--- What this task involves ---
Print the whole listing below exactly, skipping every picture.
== Segment start ==
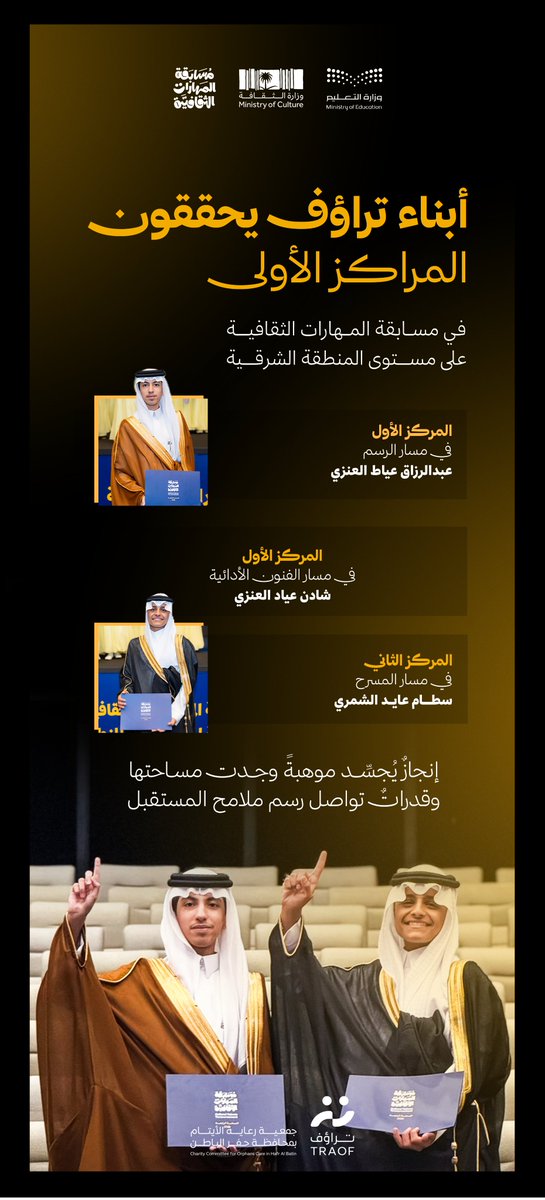 TRAOF_SA's tweet photo. أبناء #تراؤف 💚

عبدالرزاق عياط العنزي
شادن عياد العنزي
سطام عايد الشمري

يحققون مراكز متقدمة في #مسابقة_المهارات_الثقافية على مستوى المنطقة الشرقية في عددٍ من المسارات ، بما يعكس قدراتٍ ومواهب واعدة 🇸🇦✨ https://t.co/rY9CuOVsR6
== Segment end ==
--- Reply ---
 TRAOF_SA's tweet photo. أبناء #تراؤف 💚

عبدالرزاق عياط العنزي
شادن عياد العنزي
سطام عايد الشمري

يحققون مراكز متقدمة في #مسابقة_المهارات_الثقافية على مستوى المنطقة الشرقية في عددٍ من المسارات ، بما يعكس قدراتٍ ومواهب واعدة 🇸🇦✨ https://t.co/rY9CuOVsR6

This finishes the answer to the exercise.